# 1939 Elgin Twin Bar 4 Star Bicycle in Omaha Ne.



## videoranger (Mar 27, 2014)

1939 Elgin Twin Bar 4 Star Bicycle http://omaha.craigslist.org/bik/4389487242.html
Looks nice as pictured. Any evaluations from those familiar with Elgins? His asking price went down from $1900 a few days ago.


----------



## bikedudeomaha (Mar 27, 2014)

*elgin omaha*

I just saw this one on cl. don't know the owner, thought I knew most of the bike people here in Omaha. would love to see it in person! I live about 1 mile from the map site.


----------



## dave the wave (Mar 27, 2014)

thats a good deal.


----------



## tanksalot (Mar 28, 2014)

dave the wave said:


> thats a good deal.




Thats a nice looking bike ..


----------



## Talewinds (Mar 28, 2014)

I'd actually buy that and then sell my Twin Bar project. I'll probably be $$$ over that by the time I'm finished.


----------



## RJWess (Mar 28, 2014)

Talewinds said:


> I'd actually buy that and then sell my Twin Bar project. I'll probably be $$$ over that by the time I'm finished.

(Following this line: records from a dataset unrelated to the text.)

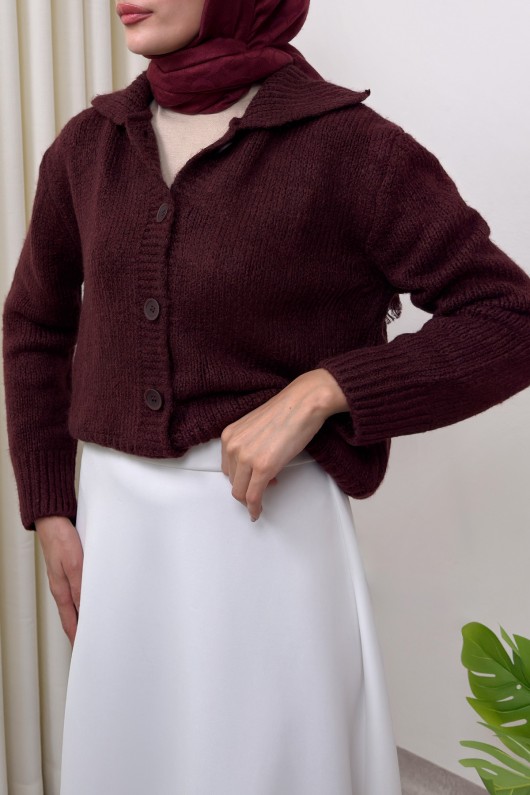 Yaka Detaylı Triko Hırka 0179 - BORDO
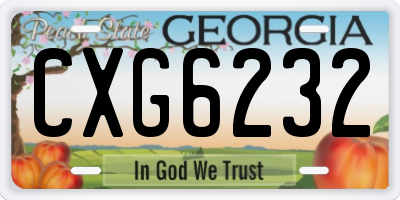GA license plate CXG6232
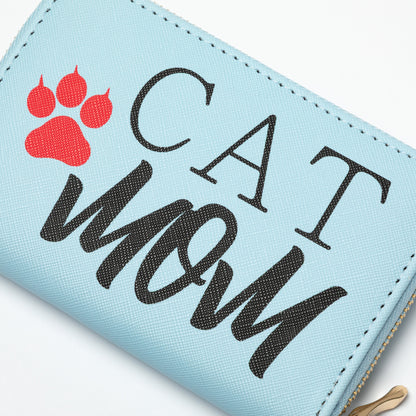 Cat Mom & Dog Mom Faux Leather Zip Around Wallet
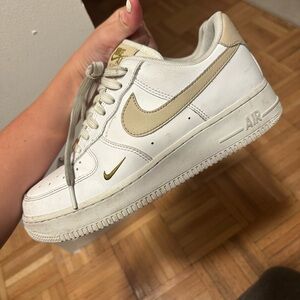 White & Gold Nike Air Force 1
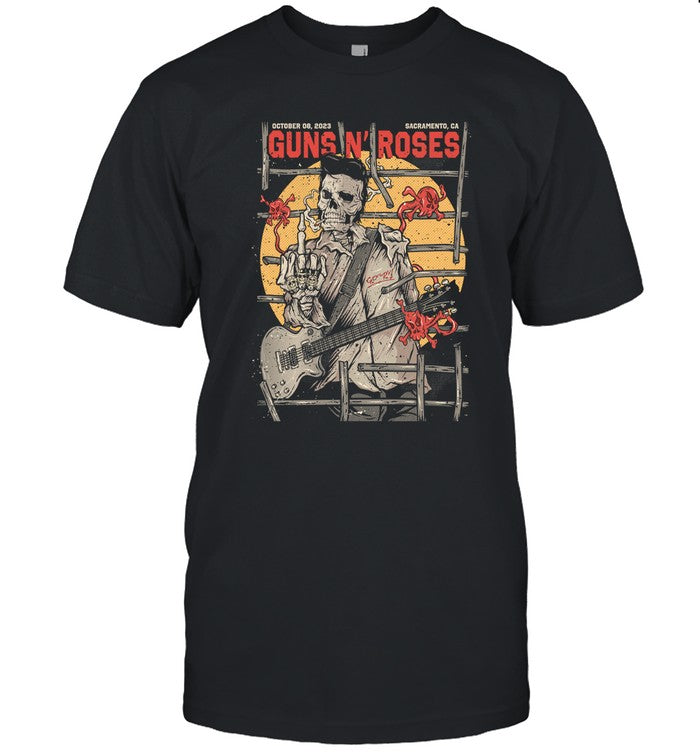 Guns N' Roses Even Tour 2023 Sacramento T-Shirt Black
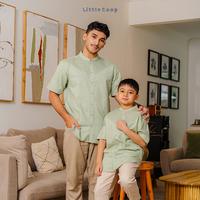 Gambar Coop Design - Emir Koko Couple Ayah Anak Dewasa Bordir Kurta Kerah Changi Collarless Katun Polos Lengan Pendek Pria - Sage, 4 - Anak dari Coop Design Kota Bandung 4 Tokopedia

Brian,  I could meet you half in K.C. for delivery. I am surprised the bike has lasted this long. I thought I priced right for a fast sale. If anyone has any questions about the bike give me a shout. Still rather not ship at this time.


----------



## Talewinds (Mar 28, 2014)

Hey man! Didn't know that one was yours. Let's talk....


----------



## rollfaster (Mar 29, 2014)

*There you go*



Talewinds said:


> I'd actually buy that and then sell my Twin Bar project. I'll probably be $$$ over that by the time I'm finished.




You sell yours, call me first. Rob.


----------